I decided to talk about this one today because I recently heard someone criticize this particular piece of advice because, they claimed, that's how we keep ending up with a bajillion books about rich white men. I feel like this objection assumes a number of problematic things. Like, for just one example, that everyone writing books is a rich white man.

I've also heard proponents of write what you know arguing that a person who isn't a minority can't truly understand the experience of living a minority's life and thus cannot properly convey it. I feel like this argument is also problematic. I mean, I suspect J.R.R. Tolkein didn't grow up in a hobbit hole and probably never befriended a single elf in his whole life, I don't think James Patterson spent much of his time in the 90s as a black police officer in Washington DC, and I'm pretty sure Nicholas Sparks has never grown old and fallen victim to dementia.

My biggest problem with arguments like this isn't the logic though. My problem is that I think they're missing the point. When people tell you that you should write what you know, I don't think they're talking about what you know about your race, income level, sexual orientation, employment history, educational achievement, or anything like that. I don't think the goal is to encourage you to focus on anything that. . . faces out.

Write what you know, to me, is more about feelings than appearances. It's not about making your characters look like you. I'm a stay-at-home mom in suburban Chicago and the biggest challenges in my life right now are convincing my daughter to poop in the potty and making sure my husband's salary stretches from one payday to the next. I don't want to read a book about my life and I'm pretty sure no one else does either.

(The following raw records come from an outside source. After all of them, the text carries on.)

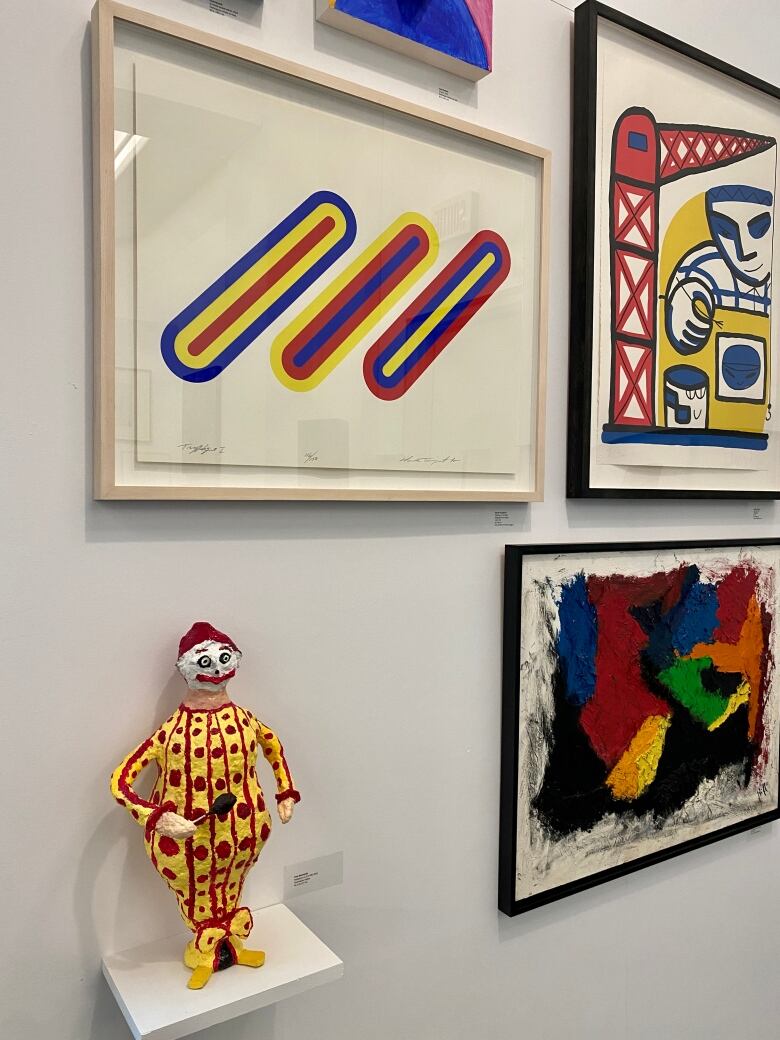 A sculpture of a clown and prints of abstract art seen in an exhibit. 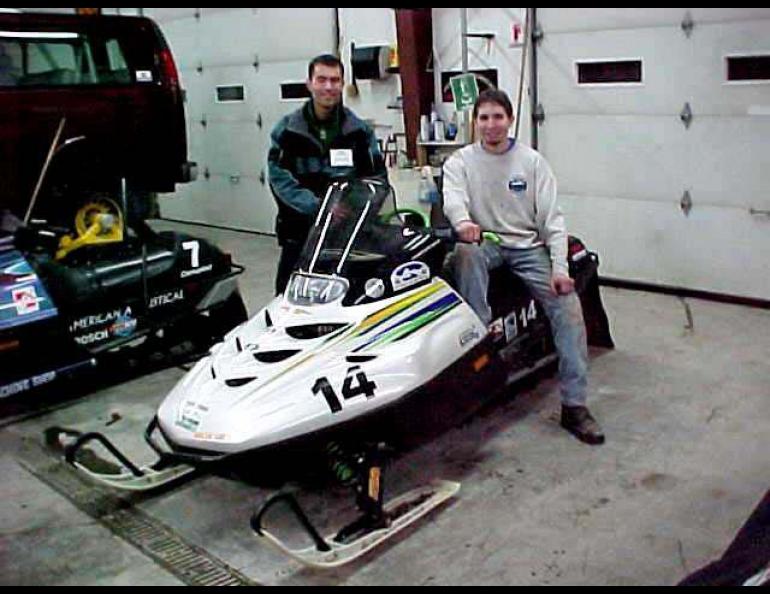 UAF engineering students Edwin Dale Hahn, left, and Jason Rohwer pose with their entry in the Society of Automotive Engineers Clean Snowmobile Challenge, held outside Yellowstone National Park in March, 2001. -Photo courtesy of Jason Rohwer.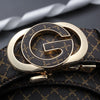 A close-up of a men's luxury faux leather plaid waist belt with a gold-toned buckle and black patterned leather.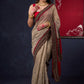 Lustrous Chanderi Grey Saree with Self Gold Checks Highlighted with Ajrakh Border & Palu with Maroon Detailing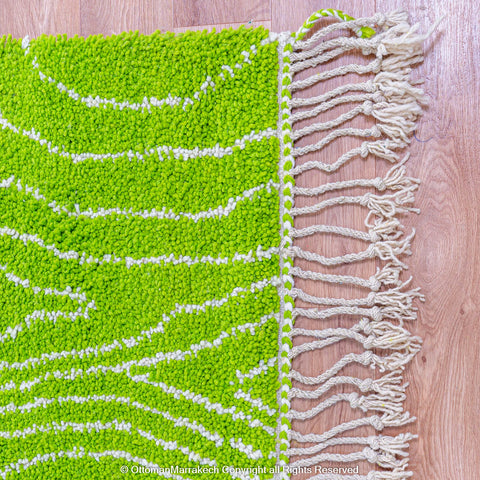 Bright Green Moroccan Rug with Tree Trunk-Inspired White Patterns Bright Green Moroccan Rug with Tree Trunk-Inspired White Patterns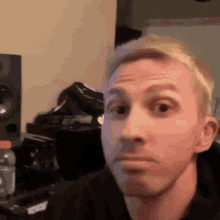 a man with blonde hair is making a funny face in front of a speaker .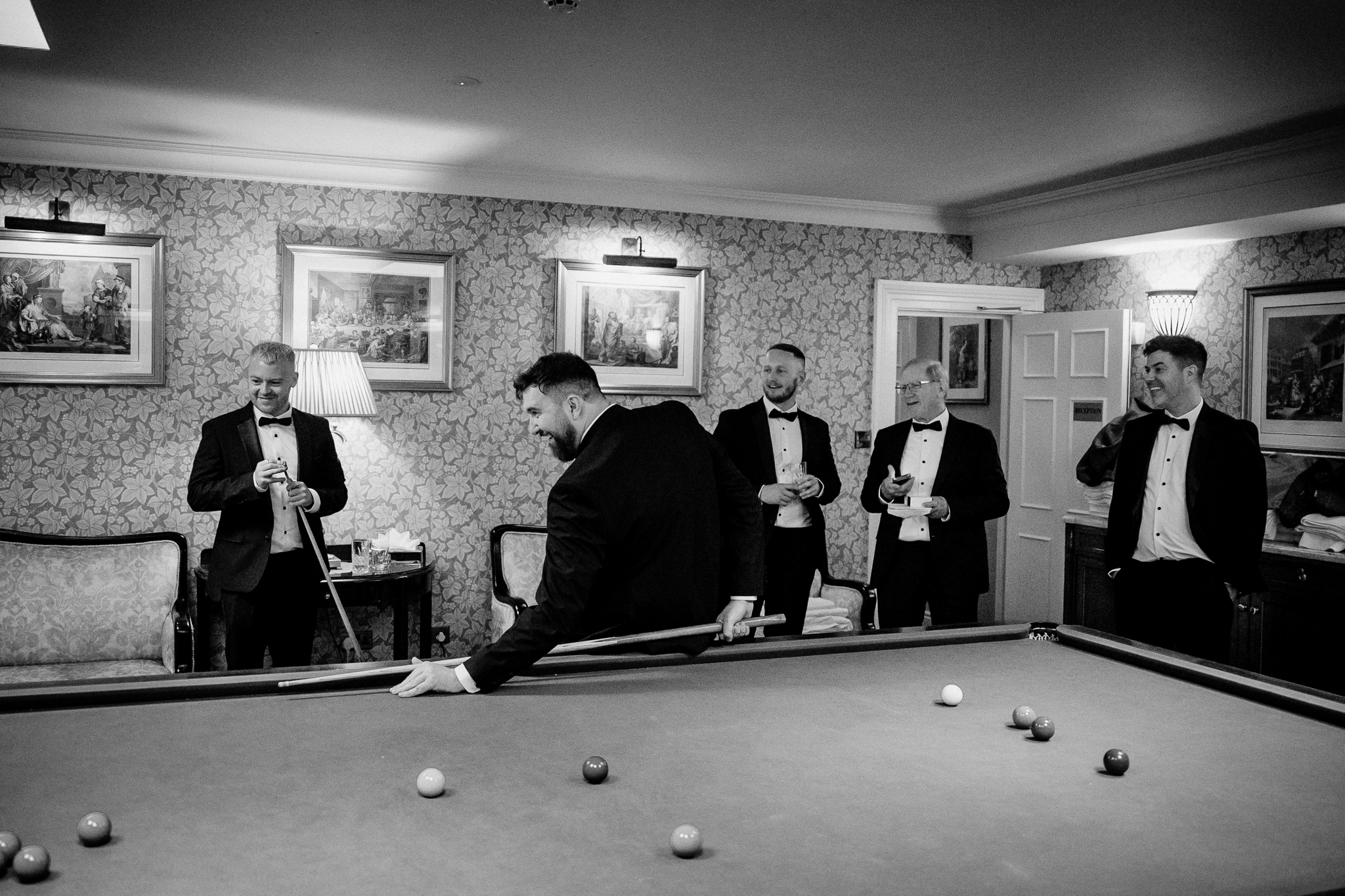Black and white photograph of the groom and groomsmen gathered around a snooker table inside Markree Castle.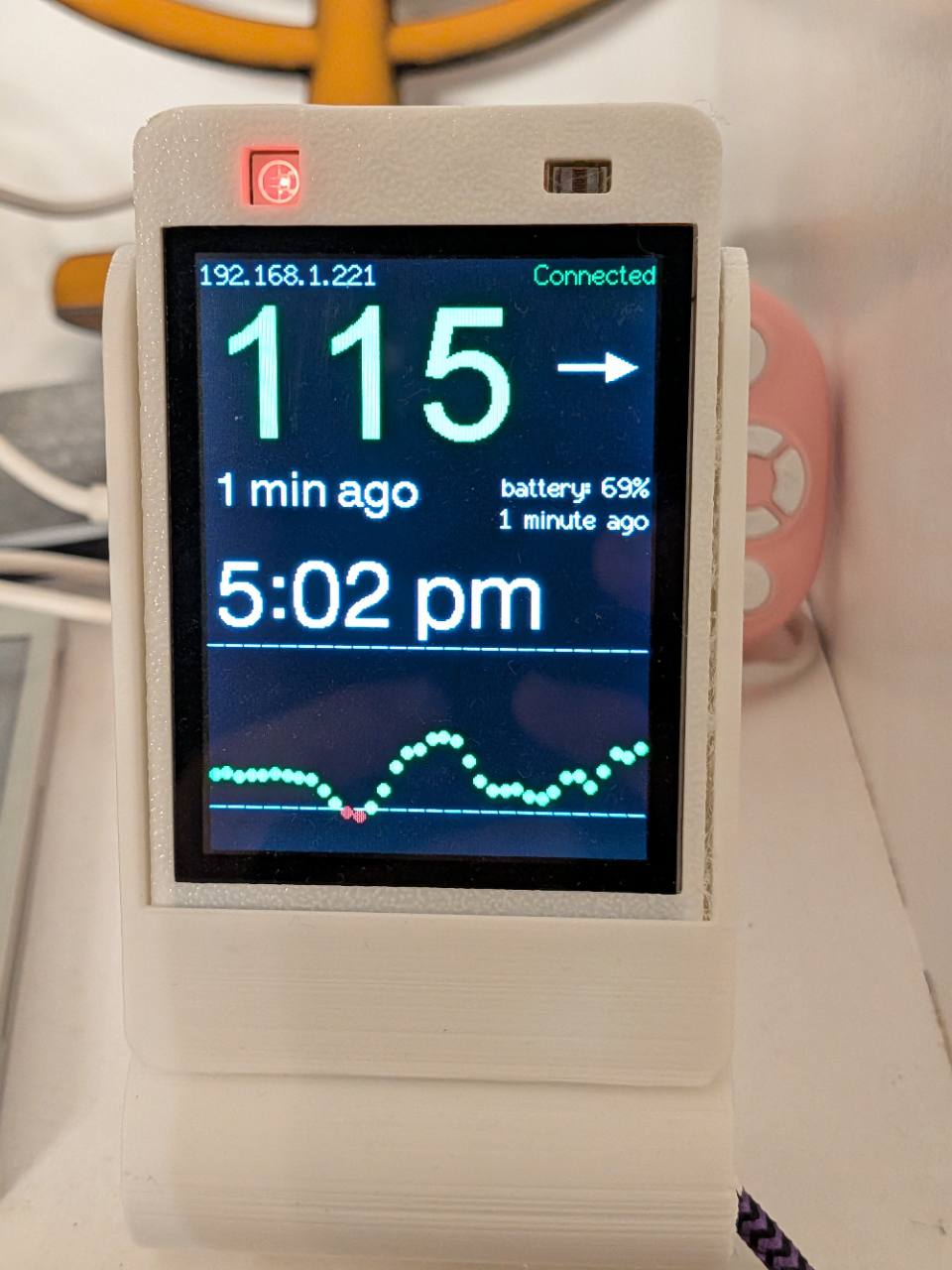 A white glucose display showing a trend arrow, reading age, and a history graph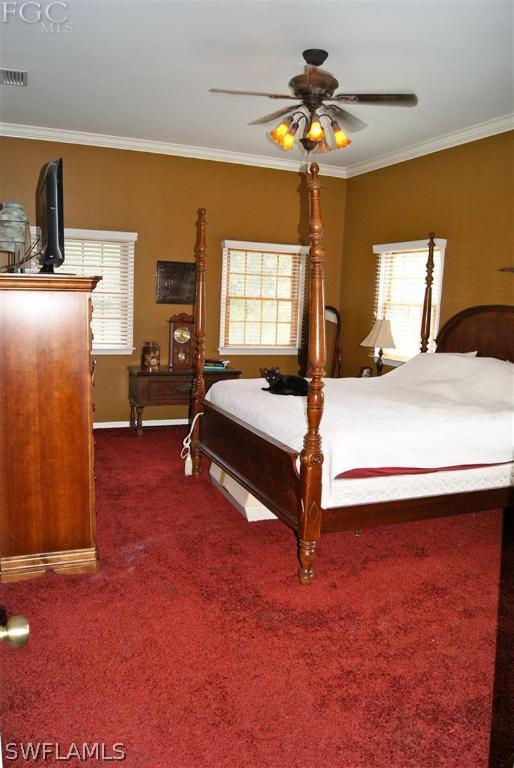 17180 Frank Road Alva, FL 33920 - Photo 10 of 23 a bedroom with a bed and a chandelier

I write primarily urban fantasy. I don't know jack about life as a witch or a guardian angel or what it's like to grow up with a mermaid on my family tree. I'm none of those things and I'm not likely to bump into them on the sidewalk either. So should I just give up? Does "write what you know" mean I'll never be able to write those stories?

I certainly don't think so. I may not be a supernatural creature, but I know what's it's like to feel like circumstances beyond my control are threatening to take away my choices. I know what it's like to feel ostracized and ignored. I know what it's like to be afraid and alone and convinced that nothing is ever going to be okay again.

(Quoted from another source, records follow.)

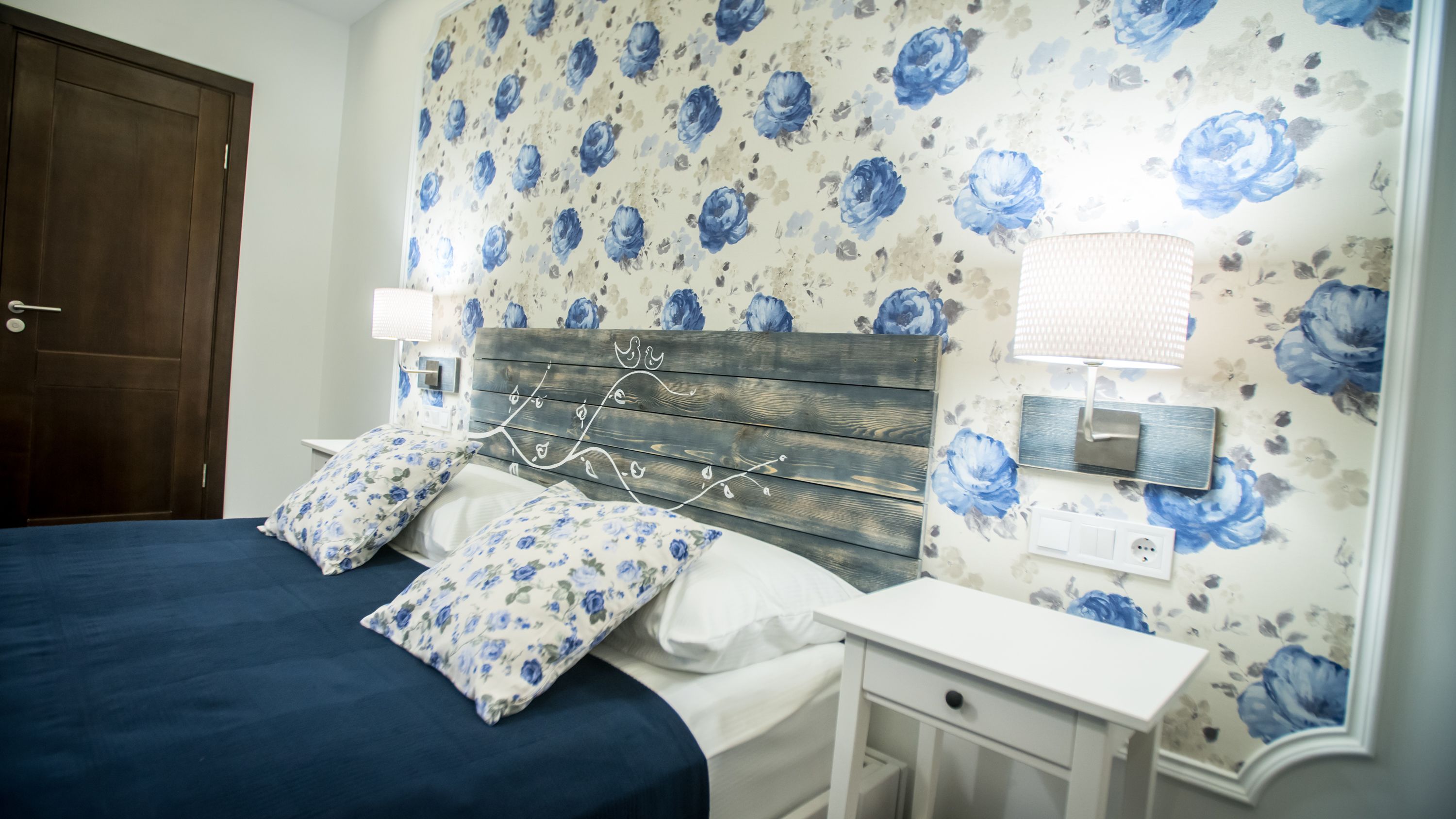A bedroom with a bed, two nightstands, a wooden headboard, floral wallpaper, and a door.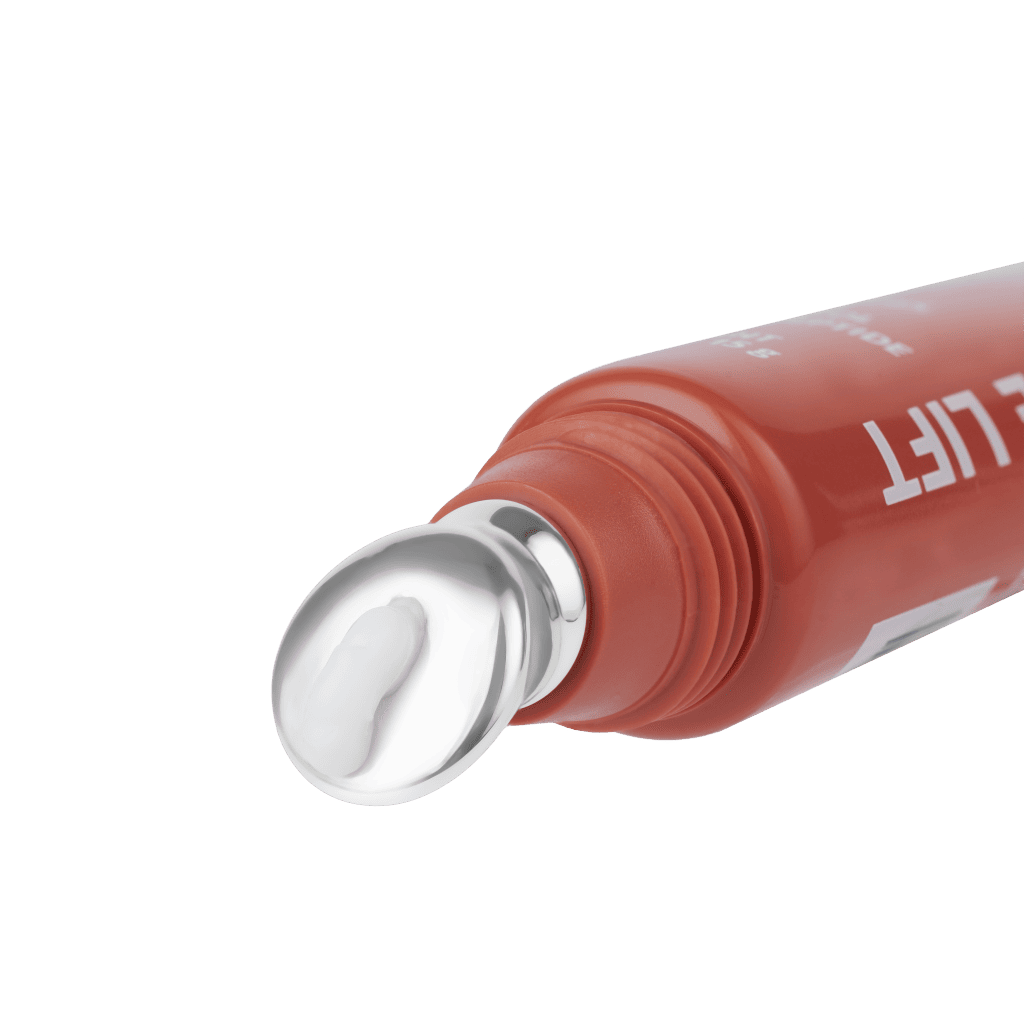  A close-up product shot of a red eye cream tube, focusing on the smooth, metal applicator tip with a dab of white cream on it, against a solid green background.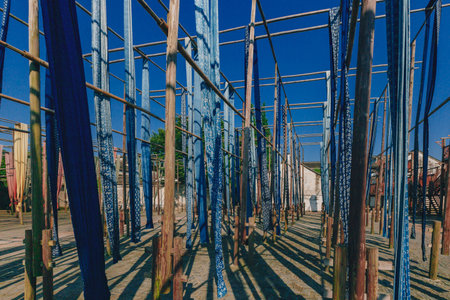 View of blue cloth hanging over wooden poles in a square in the old town of Wuzhen, to showcase...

I also know what it's like to love so deeply it hurts. I know what it's like to laugh until I can't breathe. I've cried from sorrow, sure, but also from sheer joy. I've felt childlike wonder bubble up in my chest until I was sure I was going to explode.

I know what it's like to be scared. Excited. Embarrassed. Turned on. Turned off. I've had victories hold me up high and others that left me hollow. I know what it's like to feel like everything brought me to a specific moment in time. And I know what it's like to look at the world and not be able to make any of it make any sense at all.

I know those things. And not because I'm a middle class white woman. I know them because I'm alive and I'm paying attention and I'm human. And my characters know them because they are too. (Well, they're while not necessarily all human, because, again, urban fantasy, but they all at least possess a certain degree of humanity.) And my someday readers will know those things as well because they're also human.

I don't think write what you know is about the surface details. I think it's about finding the things under the surface that we have in common with each other and focusing on those things, using that common frame of reference as the filter through which we view the rest of the story. Writing, and reading, is often at its most powerful when it holds up a mirror and shows us ourselves in a new way.

So if we write what we know, if we focus on the things that make us who we are at the very bottom of our hearts and in the core of our souls and imbue our characters with the things we know and write from that place, that's how we build those mirrors and show our readers those reflections.